Recent studies have emphasized the fundamental nature of the division between galactic and extra-galactic nebulae. The relationship is not generic; it is rather that of the part to the whole. Galactic nebulae are clouds of dust and gas mingled with the stars of a particular stellar system; extra-galactic nebulae, at least the most conspicuous of them, are now recognized as systems complete in themselves, and often incorporate clouds of galactic nebulosity as component parts of their organization. Definite evidence as to distances and dimensions is restricted to six systems, including the Magellanic Clouds. The similar nature of the countless fainter nebulae has been inferred from the general principle of the uniformity of nature.

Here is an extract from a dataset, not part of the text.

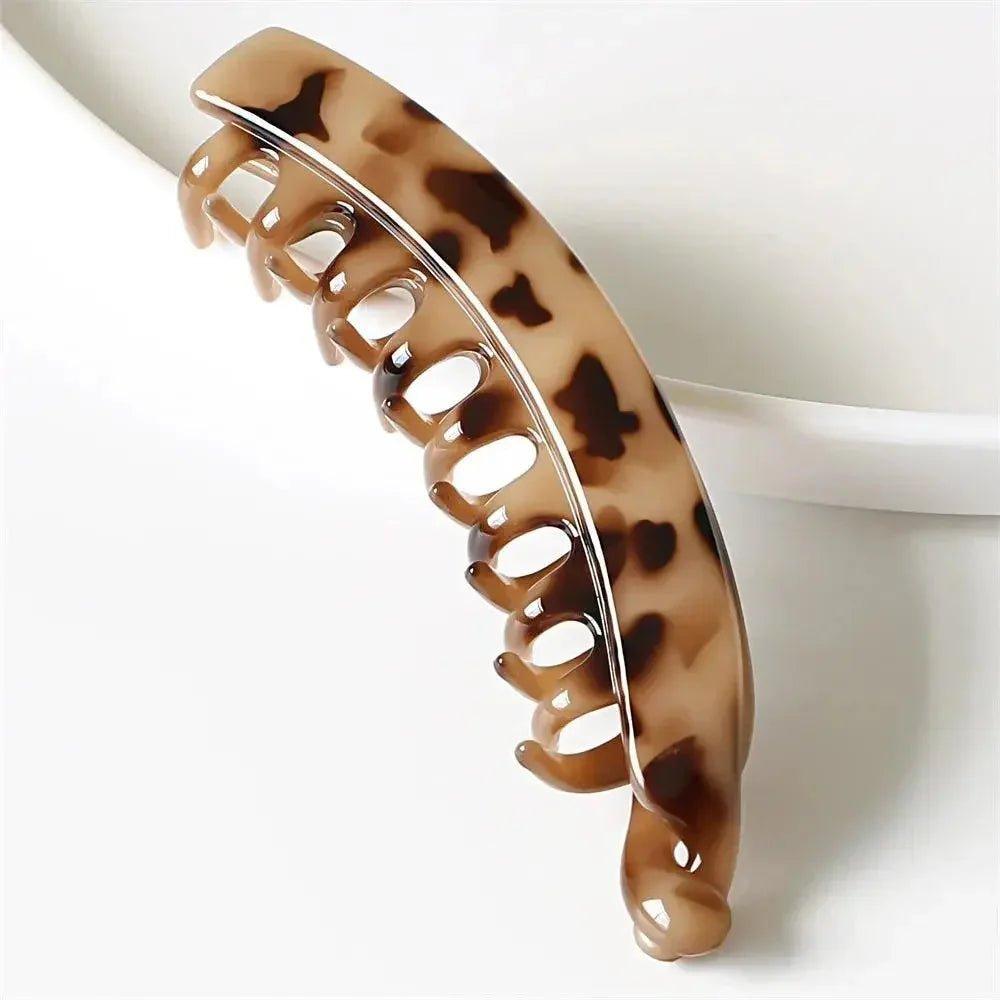 Leopard print hair claw clip for women's fashion hairstyles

The extra-galactic nebulae form a homogeneous group in which numbers increase rapidly with diminishing apparent size and luminosity. Four are visible to the naked eye; 41 are found on the Harvard "Sky Map"; 700 are on the Franklin-Adams plates; 300,000 are estimated to be within the limits of an hour's exposure with the 60-inch reflector. These data indicate a wide range in distance or in absolute dimensions. The present paper, to which is prefaced a general classification of nebulae, discusses such observational material as we now possess in an attempt to determine the relative importance of these two factors, distance and absolute dimensions, in their bearing on the appearance of extra-galactic nebulae.

The classification of these nebulae is based on structure, the individual members of a class differing only in apparent size and luminosity. It is found that for the nebulae in each class these characteristics are related in a manner which closely approximates the operation of the inverse-square law on comparable objects. The presumption is that dispersion in absolute dimensions is relatively unimportant, and hence that in a statistical sense the apparent dimensions represent relative distances. The relative distances can be reduced to absolute values with the aid of the nebulae whose distances are already known.

GENERAL CLASSIFICATION

The classification used in the present investigation is essentially the detailed formulation of a preliminary classification published in a previous paper. It was developed in 1923, from a study of photographs of several thousand nebulae, including practically all the brighter objects and a thoroughly representative collection of the fainter ones. It is based primarily on the structural forms of photographic images, although the forms divide themselves naturally into two groups: those found in or near the Milky Way and those in moderate or high galactic latitudes. In so far as possible, the system is independent of the orientation of the objects in space. With minor changes in the original notation, the complete classification is as follows, although only the extra-galactic division is here discussed in detail:

CLASSIFICATION OF NEBULAE

REGULAR NEBULAE

The characteristic feature of extra-galactic nebulae is rotational symmetry about dominating non-stellar nuclei. About 97 per cent of these nebulae are regular in the sense that they show this feature conspicuously. The regular nebulae fall into a progressive sequence ranging from globular masses of unresolved nebulosity to widely open spirals whose arms are swarming with stars. The sequence comprises two sections, elliptical nebulae and spirals, which merge into each other.